Contributor   ||   Feb 21, 2018  ||   

By Mikhail Ilin, Manager of Campus Card Services, and Adjunct Professor of Business Law and Ethics, Suffolk University

At Suffolk University the Campus Card Services Office serves a community comprised of students, staff and faculty across three schools: College of Arts and Sciences, Sawyer Business School and the Suffolk University Law School. We handle many of the vital aspects of the student experience, including meal plan management; access control; on- and off-campus payments and a discount transit program.

We are a staff of 2.5 full-time employees, and with such vast responsibilities we rely heavily on student employees. Student employees manage the student services center, assist in marketing and technical support areas, as well as staff our student outreach programs. On a semester basis we hire a team of 12-15 student workers.

But why hire so many student workers? In the past, hiring student workers was universally seen as a cost-saving technique, however this view is outdated. The Suffolk card services office hires student workers for reasons that go far beyond saving money.

Keeping with the times

If your office, like ours, is charged with marketing and student outreach programs, then student workers can be a tremendous resource. Staying current with marketing trends is a daunting task, but students are well equipped to reach their peers.

In the past, hiring student workers was universally seen as a cost-saving technique, but this view is outdated.

I’m reminded of one example when our marketing intern produced and advertisement with purple text. To me it didn’t look quite right, but as she explained, purple was the “in color” for teen and early twenties age groups at the time. A quick Google searched completely backed her claim.

Perhaps the most important reason to hire student workers, though, is to provide them with functional, hands-on experience and résumé building blocks. We are an institution of higher learning and our office is an extension of the institution. Thus, I feel it is my duty to help advance student knowledge.

During our pre-employment interviews, we ask, “what is your major and how may we help you attain your educational and career goals?”

Intra-departmental networking

Because card services interfaces with so many areas of student life on campus we are able offer hands-on experience in marketing, information technology, graphic design, communications, global business, management, education, accounting and many more areas. It’s not uncommon for our student employees to branch out and obtain part-time employment with one of our external merchants to further their education toward a specific career goal.

With our office’s wide range of responsibilities we are in need of at least 12 student workers every semester.

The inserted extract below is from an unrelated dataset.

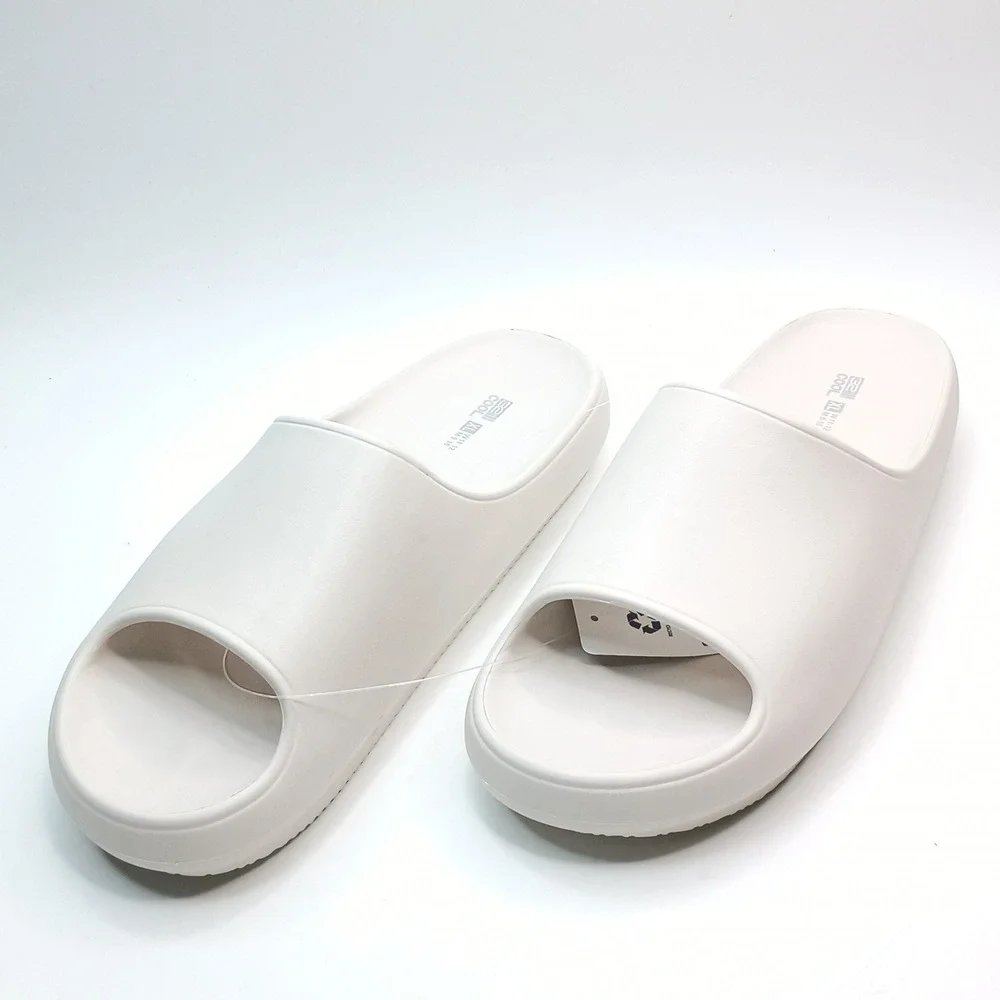 32 Degrees Cushion Slide Men Size 9-10 White Lightweight EVA Foam Sandals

But where and how do we recruit?

Between work-study job fares, financial aid listings and internal web postings, there’s no shortage of recruitment sources on campus. But the two most effective channels for our card service office have been word-of-mouth and intra-departmental recruitment.

Campus card services at Suffolk works very closely with many other student-facing departments. At times, our flexibility, opportunities and management style might better fit a student worker from another department. In these situations, our campus’ intra-departmental network will help to find a more suitable placement for these students.

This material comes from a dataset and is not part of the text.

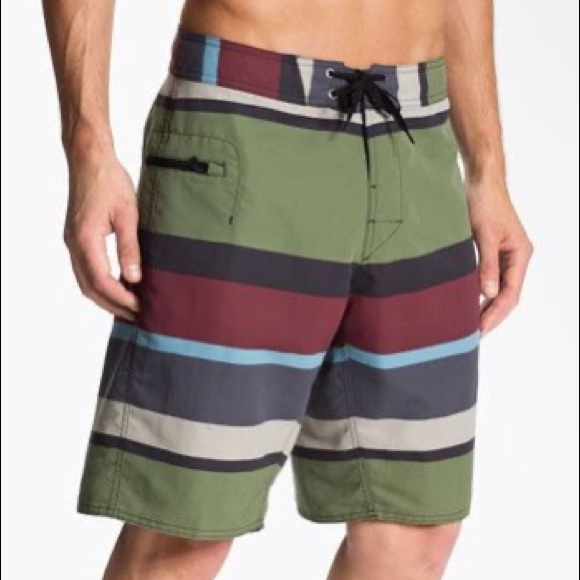 Patagonia Other - NWT Patagonia Men’s Waverfarer Board Shorts sz 35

Because Suffolk’s Card Services department is able to offer experience in several academic and professional disciplines, we are often the go-to department for student worker transfers. These transfers are always welcome and are made possible by strong bonds that the card services office has formed with other campus departments.

Word of mouth

An even more effective channel is word-of-mouth recruitment. Somewhat jokingly we implemented a rule that a graduating student worker needed to find someone to take their place. To our surprise, the rule has taken root and has been successfully followed.